◆ SUPPLIED DATA:
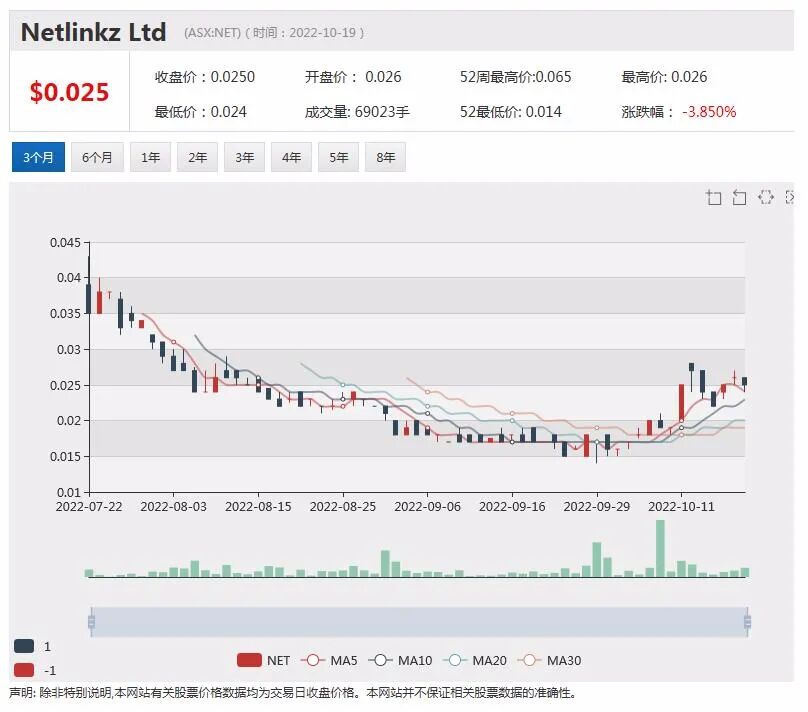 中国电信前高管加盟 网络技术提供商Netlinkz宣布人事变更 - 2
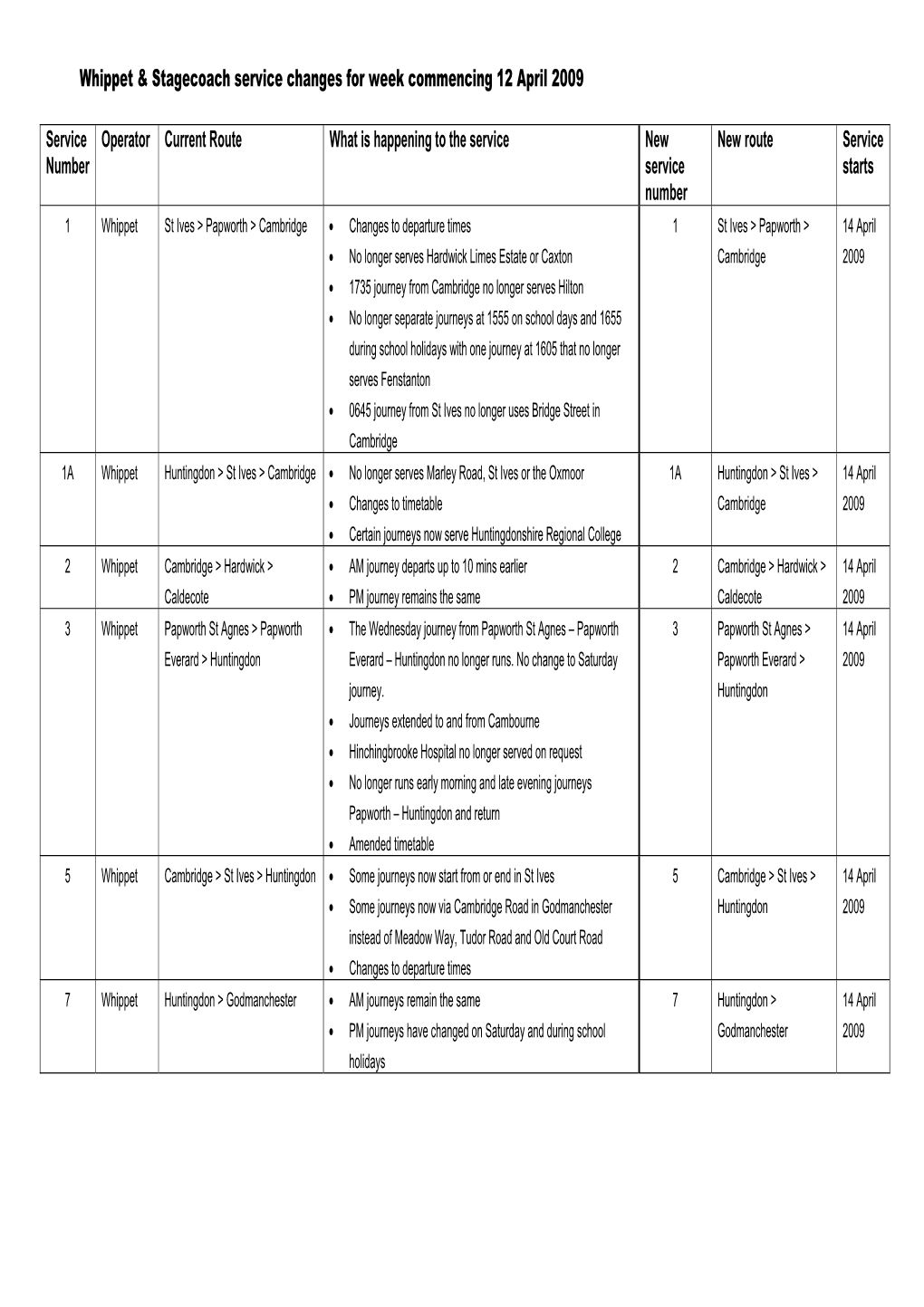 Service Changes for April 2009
...
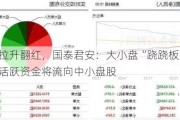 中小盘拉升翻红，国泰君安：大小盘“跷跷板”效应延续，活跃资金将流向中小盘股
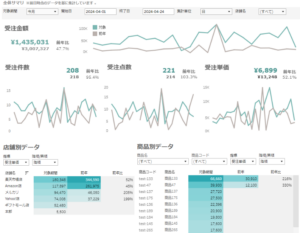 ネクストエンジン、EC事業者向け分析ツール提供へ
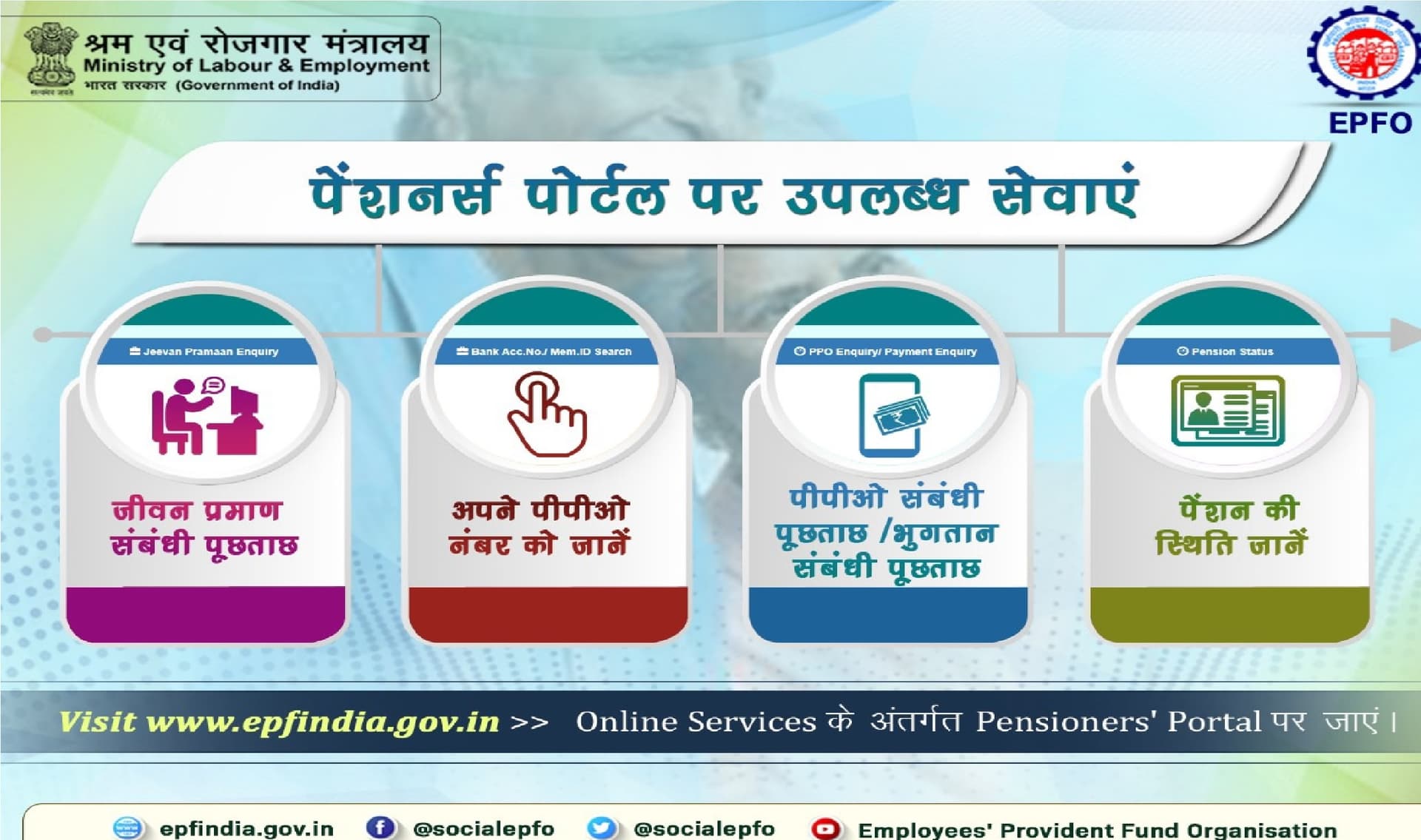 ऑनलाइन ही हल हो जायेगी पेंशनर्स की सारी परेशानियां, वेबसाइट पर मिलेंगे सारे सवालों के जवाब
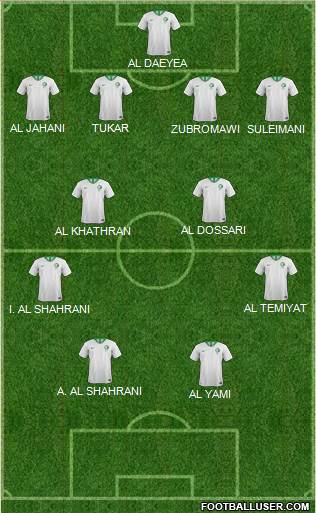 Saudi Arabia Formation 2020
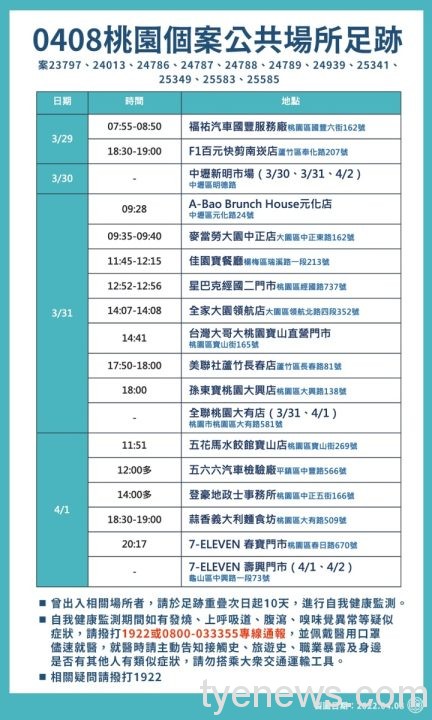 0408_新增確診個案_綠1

◆ WHAT IS BEING ASKED: Take the material above and output only the lines from the one that contains "ऑनलाइन ही हल" through the one that contains "0408_新增確診個案_綠1", ends included and images left out.

◆ ANSWER FOR THE TASK:
 ऑनलाइन ही हल हो जायेगी पेंशनर्स की सारी परेशानियां, वेबसाइट पर मिलेंगे सारे सवालों के जवाब
 Saudi Arabia Formation 2020
 0408_新增確診個案_綠1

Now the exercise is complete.